> Goal of the exercise: Without the pictures, give the listing below again exactly.

> Given material:
============

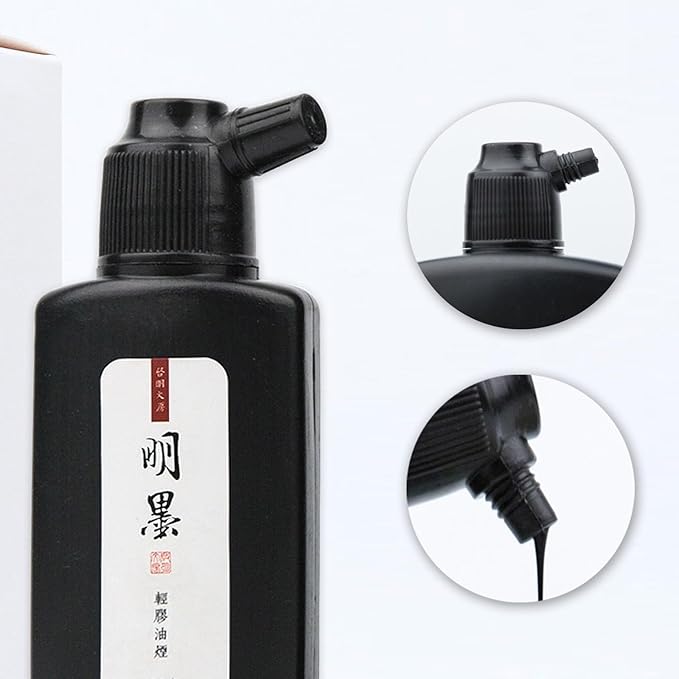 Calligraphy and Sumi Liquid Ink, Traditional Black Sumi Ink - Image 6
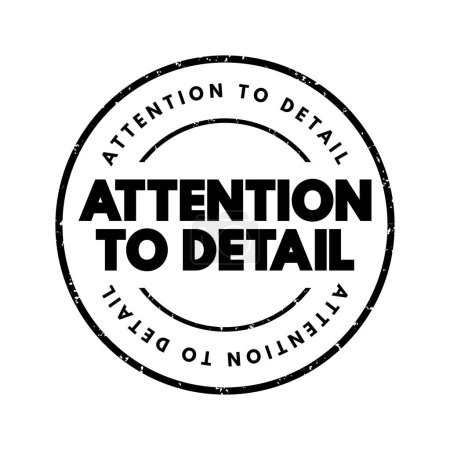 Illustration for Attention To Detail text stamp, concept background - Royalty Free Image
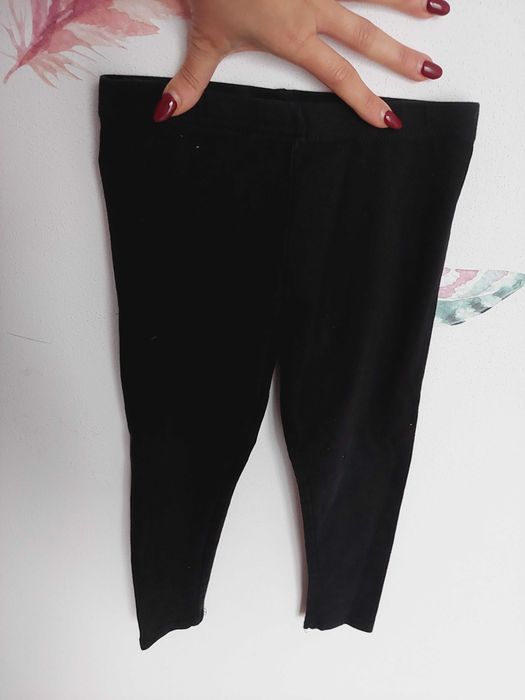 Czarne legginsy primark 4-5l 104-110 cm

============

> Answer space:
 Calligraphy and Sumi Liquid Ink, Traditional Black Sumi Ink - Image 6
 Illustration for Attention To Detail text stamp, concept background - Royalty Free Image
 Czarne legginsy primark 4-5l 104-110 cm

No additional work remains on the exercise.